- Genre: Dark Comedy;
- Written by: Omer Ikram
- Directed by: Omer Ikram
- Starring: Zahid Ahmed;
- Country of origin: Pakistan
- Original language: Urdu
- No. of episodes: 26

Production
- Production companies: Auj Production Multiverse Entertainment

Original release
- Network: Green Entertainment
- Release: 13 July – 9 December 2023

= 101 Talaqain =

Pakistani television series

101 Talaqain is Pakistani television series that premiered on 13 July 2023 on the newly launched Green Entertainment. It is directed by Omer Ikram and produced by Auj Productions in association with Multiverse Entertainment. It stars Zahid Ahmed as Rustom Kavasji, an expert divorce lawyer with a record of hundred divorces on his credit.

==Plot==
Rustom Kavasji is a divorce lawyer and has a remarkable record of hundred divorces in his career. The quirky Kavasji has doesn't much regard for love and marriage as he has suffered a heartbreak in the past.

The first case is of Sajjad and Aimen who was an ideal couple until the arise of problems in their lives. Sajjad contacts Rustom and tells him about his case. But somehow he gets so involved in their case.

==Cast==
- Zahid Ahmed as Rustom Kowasjee
- Anoushay Abbasi as Aimen
- Faris Khalid as Sajjad
- Sana Askari aa Aimen's mother
- Danial Afzal Khan as Aimen's father
- Hina Rizvi as Mrs.
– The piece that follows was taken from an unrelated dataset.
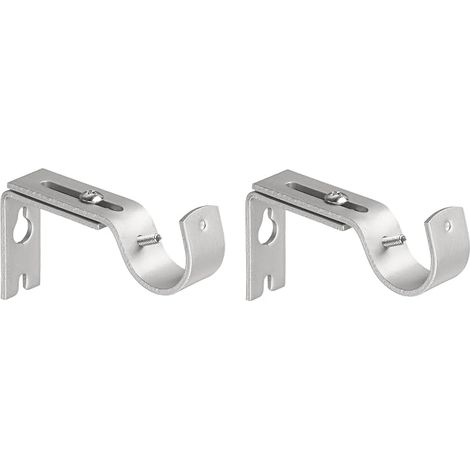 Ganchos de pared ajustables y resistentes para barras de cortina de 2,5 cm (1 pulgada), juego de 2, níquel plateado (1/5)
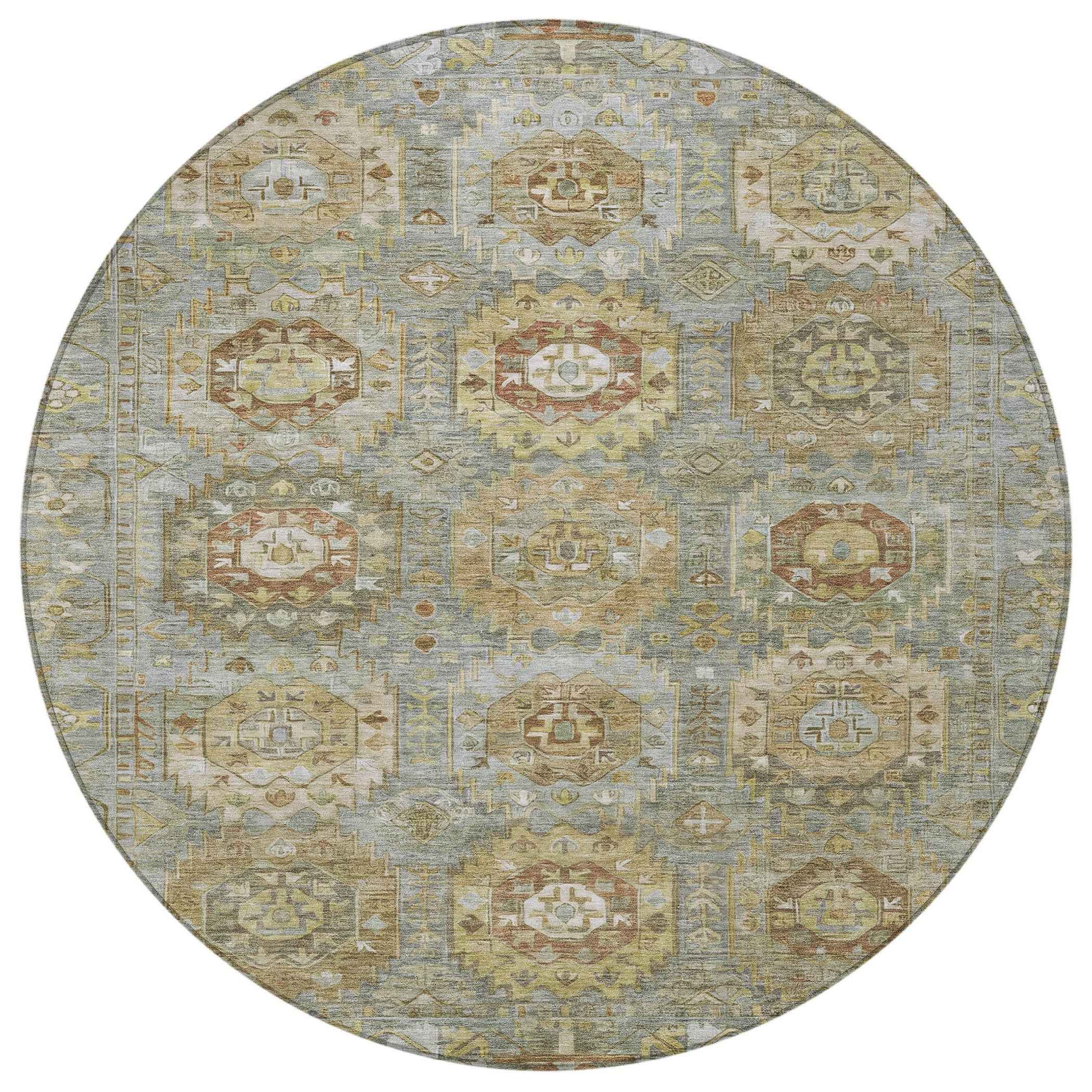 8' Sage Brown And Taupe Round Medallion Washable Indoor Outdoor Area Rug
Raees
- Uroosa Siddiqui
- Srha Asghar
- Ghazala Butt as Faiza's mother
- Sadaf Aashan as Sajjad's mother
- Khaled Anam as Sajjad's father
- Farah Nadir as Nasreen
- Mojiz Hasan
- Kausar Siddiqui
- Ahmed Zeb
- Asim Mehmood
- Ayaz Samoo as Shafiq

==Production==
The official trailer was released by the network in March 2023.

===Broadcast===
On 29 June 2023, it was revealed by the channel's social media handles that the show will premier on 13 July 2023 airing episodes weekly on Thursday at 21:00 PST.

==Reception==
Youlin Magazine praised the Ikram's direction, camera work and performances of all the actors especially Ahmed. The News International panned the series for its black and white characters, predictable narrative, highlighting a rare cause of divorce instead of portraying real issues.